In fact, not only does everything still happen, none of the animals even seem to care! The goats were actually perturbed by the whole thing. When Bridget and Mayday would come in for milking Bridget would walk right over to the edge of the fence and snort loudly at the little gilt piglets.
The cows knew exactly where the boars were hiding and would stand on their fence line staring at the little guys. No mooing, just a curious stare. No wonder the piglets emerged so infrequently. I wouldn't be too keen on running about if an 800 pound wooly mammoth was giving me the ice-cold stare either.
Of course the dogs escaped at one point and started tracking the piglets, clearly on the hunt to eradicate the newest intruders. That quickly had to come to a stop and we fenced off the dogs with the goats during the stakeout. After the piglets were all accounted for we introduced the dogs. Sheba and Izzi, the big girls, grew up with Tamworth hogs, so they didn’t seem to mind the little oinkers too much. Sophie was perplexed by the whole situation, but she doesn’t get too aggressive with anything except the neighbor cows, so that all went well.
The chickens and guineas showed a lot of interest in the piglets and would always seek out places where they had been to peck around and eat the bugs around the manured area. Good chickens.
Our “house dog” also got in on the act. She is actually an outdoor dog, she just lives around the house instead of out with the animals. She “came with the property” and since she’s obedient and very sweet with the animals, she found a new home with us. On several occasions she showed some curiosity and scampered over to see what all the grunting was about, but those pigs can get a little feisty sometimes and they scared her off real quick.

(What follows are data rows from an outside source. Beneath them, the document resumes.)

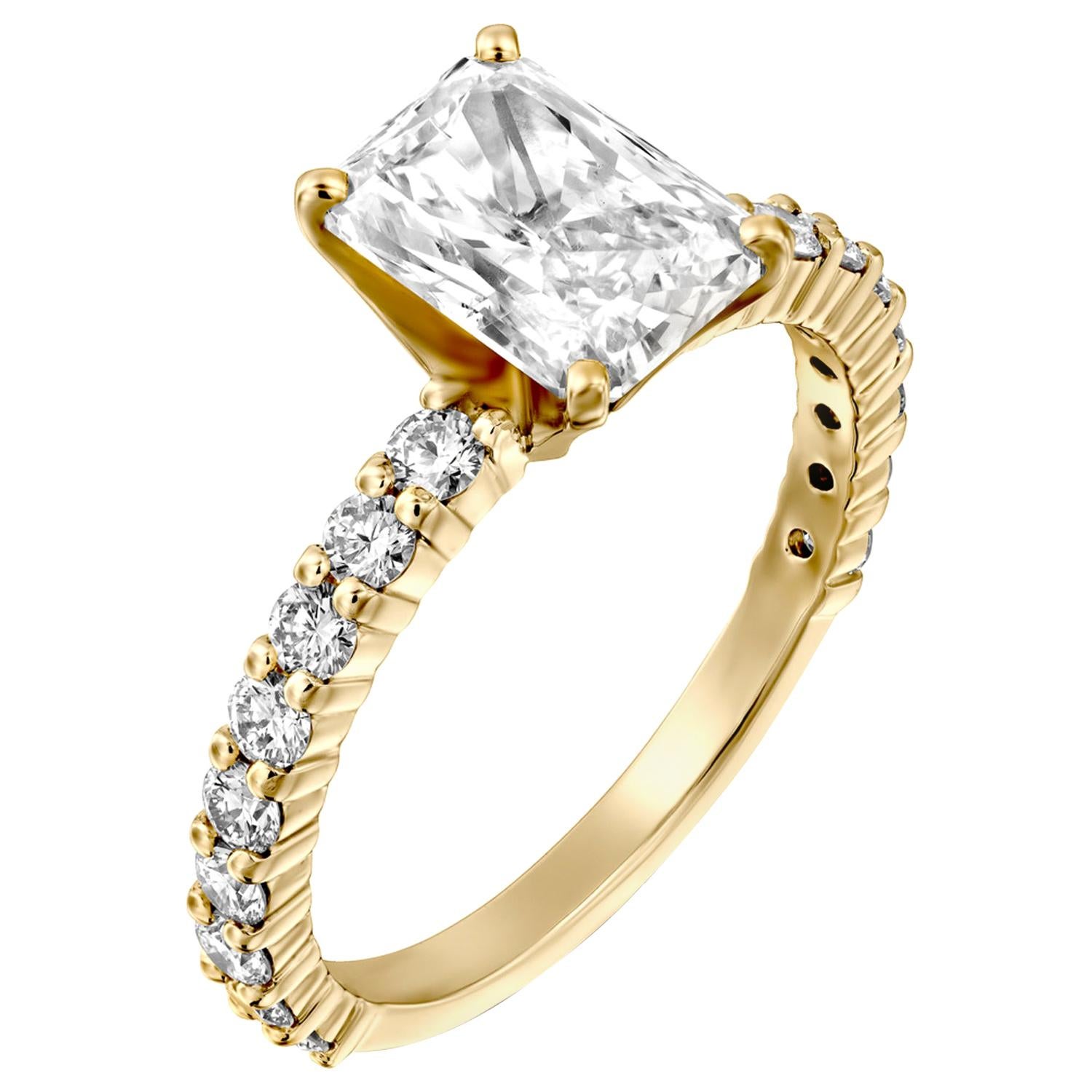 2.90 Carat Radiant Cut Diamond Ring, 18 Karat Yellow Gold Classic Ring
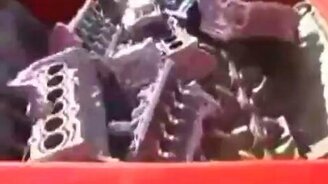 Щёлкает двигатели, как орешки - смотреть видео (2:59)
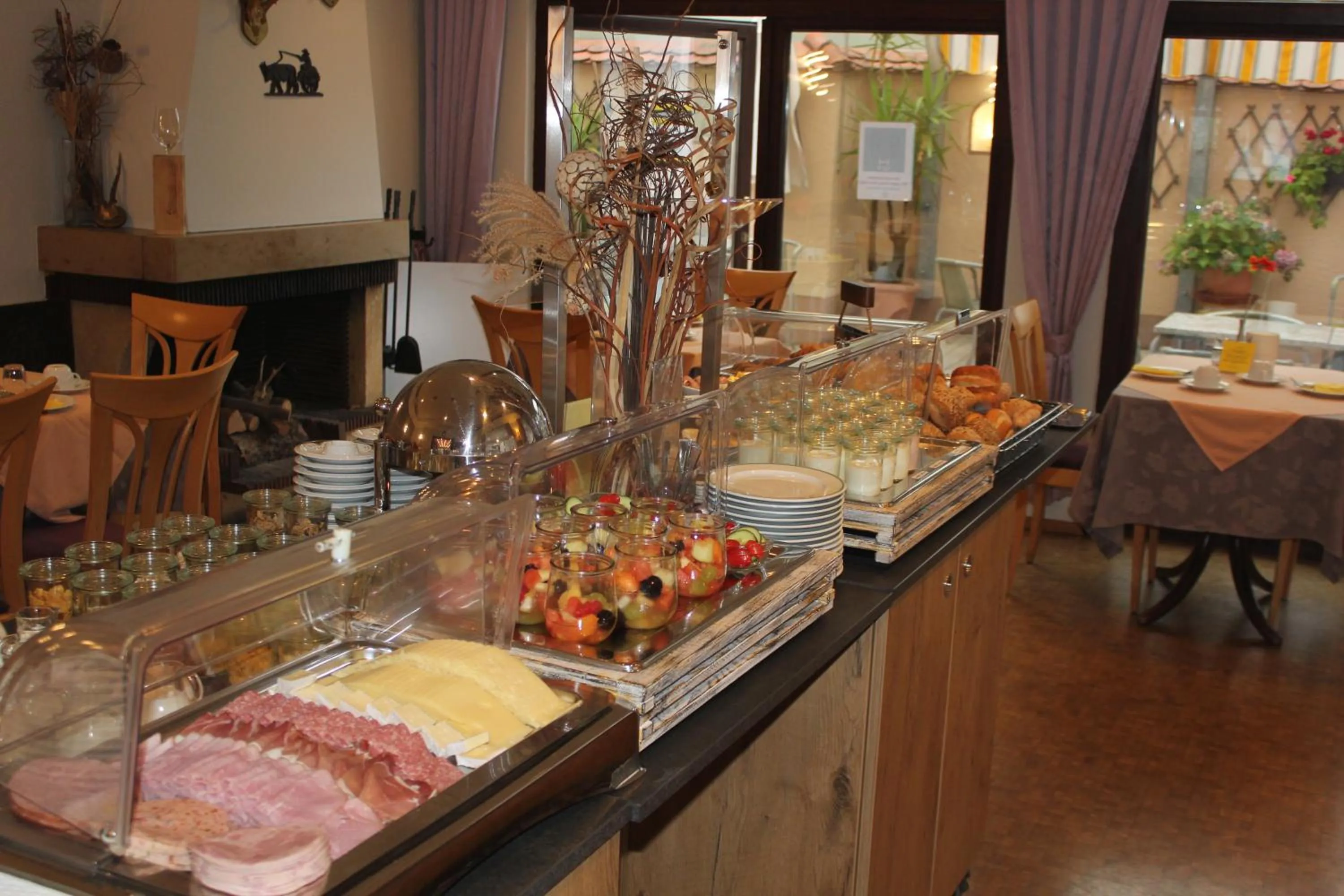 Buffet breakfast in Hotel garni Fuchs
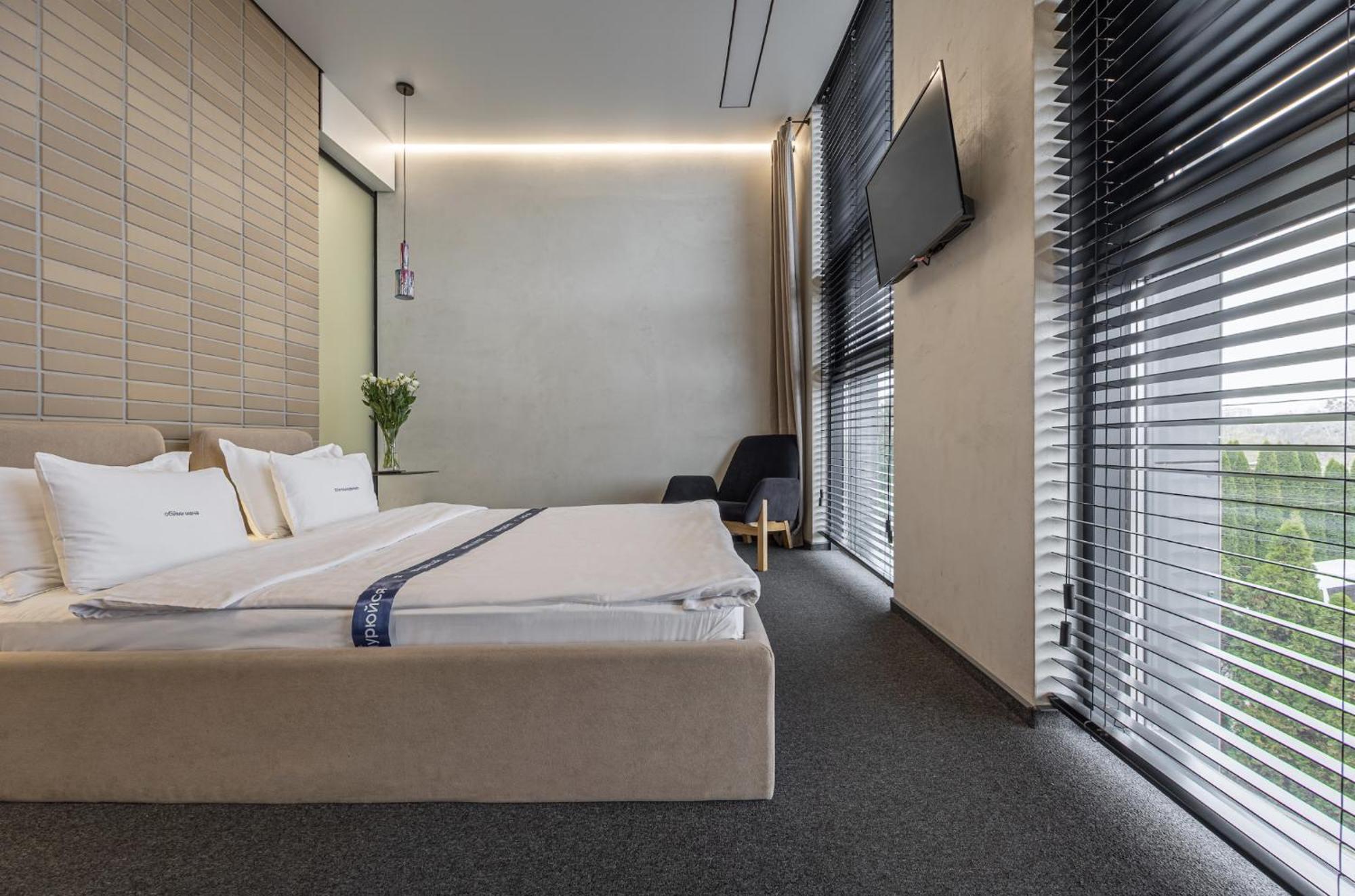 Ribas Rooms Луцк Экстерьер фото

About the only animal around here that didn’t meet the pigs is Levon. He got back his swagger after nearly getting eaten by Sheba and now he goes outside on a regular basis. Generally, he’s very inquisitive and always on the lookout for new stuff, but he stayed far away from the Ossabaws. Smart cat.
And so life went on at the farm. The goats got milked twice a day, everyone ate fresh pasture, the chickens laid their eggs, the guineas ate the ticks and eventually the piglets were trapped. There’s always something popping up that distracts our attention from other things, but the animals just keep on going.